Fi-lo porque qui-lo
Jãnio Quadros
“Jânio da Silva Quadros dia 25 vai renunciar à presidência do Brasil e os Três Patetas – vice-almirante Sílvio Heck, ministro da Marinha; marechal Odílio Denys, ministro da Guerra; brigadeiro do ar Gabriel Grum Moss, ministro da Aeronáutica – vão se opor à posse de Jango, o vice-presidente, agora na China, mas quando retornar ao país.
Face à tentativa de quebra da ordem legal, o governador do Rio Grande do Sul, Leonel Brizola, vai conclamar o povo à resistência e surgirá o movimento Legalidade.
Depois de uma grande mobilização popular do povo gaúcho e à adesão do comandante do III Exército, o movimento vai se espalhar pelo Brasil.
Após o consenso de ambas as partes, em 7 de setembro João Goulart finalmente assumirá à presidência num sistema parlamentarista, tendo Tancredo Neves como Primeiro Ministro”.
Naquele réveillon de 1960/61 nenhum “profeta” de plantão arriscou-se a prever o que viria, há 50 anos, no mês de agosto.

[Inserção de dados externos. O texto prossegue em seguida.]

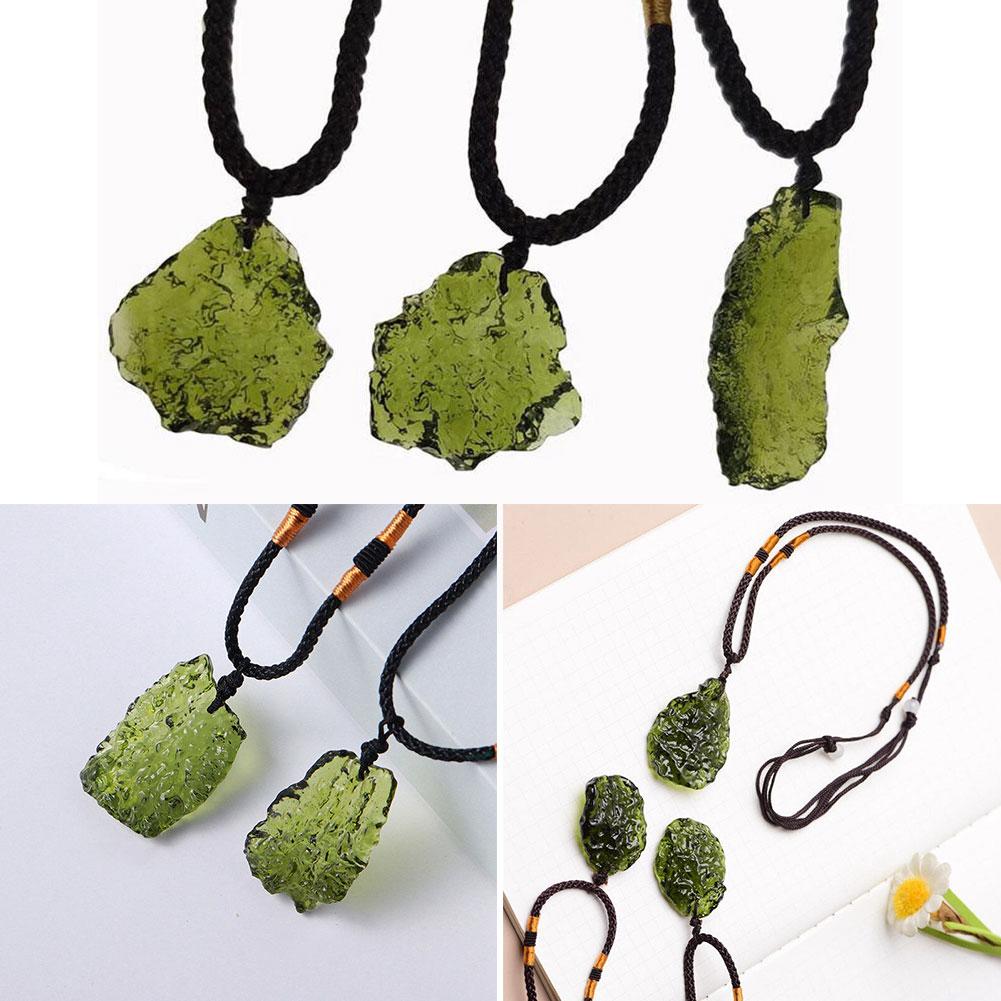 Crystal Pendant Necklace Natural Stone - الطبيعية فريدة من نوعها كريستال الكوارتز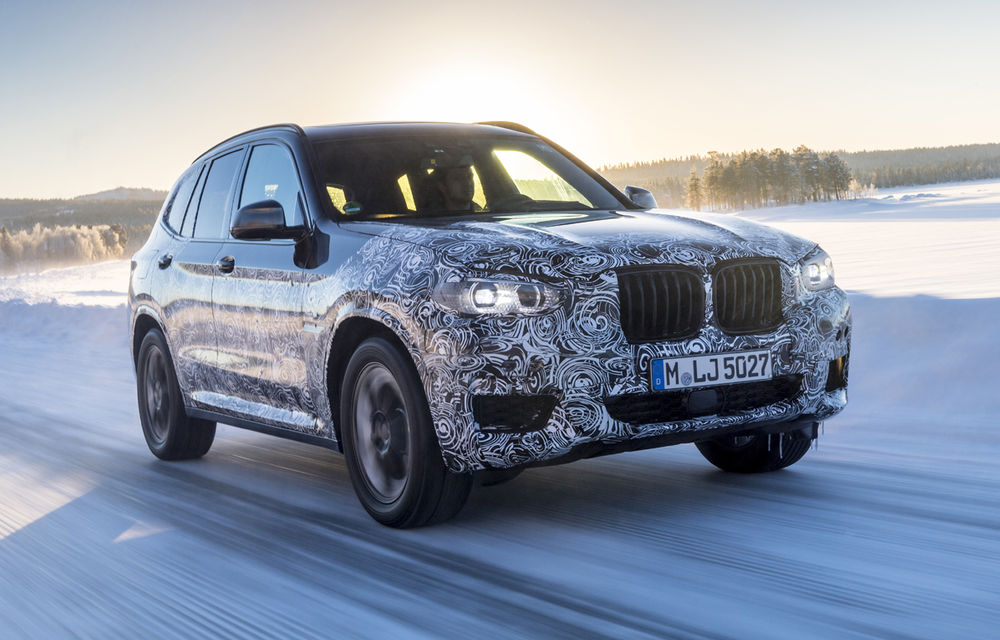 Noua generație BMW X3: SUV-ul a fost testat sub camuflaj pe zăpada și gheața de la Cercul Polar (video) - Poza 2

Em 1963 um plebiscito devolveu o país ao sistema presidencialista e confirmou a condição de patetas daqueles militares que quase levaram o Brasil a uma guerra civil.
Durante décadas perguntava-se o motivo ou motivos que levaram Jânio a renunciar, mas sempre restavam apenas hipóteses.
Cinco anos depois, eu era amigo de José Aparecido de Oliveira, secretário particular de Jânio presidente, mas nunca consegui do bom mineiro a graça da revelação.
Jânio morreu em 1992 e, quatro anos depois, seu neto revelou o até então segredo. Jânio Quadros Neto publicou a confissão do avô: renunciara porque tinha certeza de que o povo, os militares e os governadores o levariam de volta ao poder. Não levaram.
Jânio Quadros Neto ouviu do avô que a renúncia foi ‘’o maior fracasso político da história republicana do País, o maior erro que cometi’’.
Muitas histórias verdadeiras e inventadas circularam sobre a esdrúxula figura de um presidente que se preocupou em proibir o biquíni nas transmissões de TV dos concursos de miss, proibiu as rinhas de galo e o lança-perfume e regulamentou o jogo carteado. Entre outras coisas, foi um delegado de costumes.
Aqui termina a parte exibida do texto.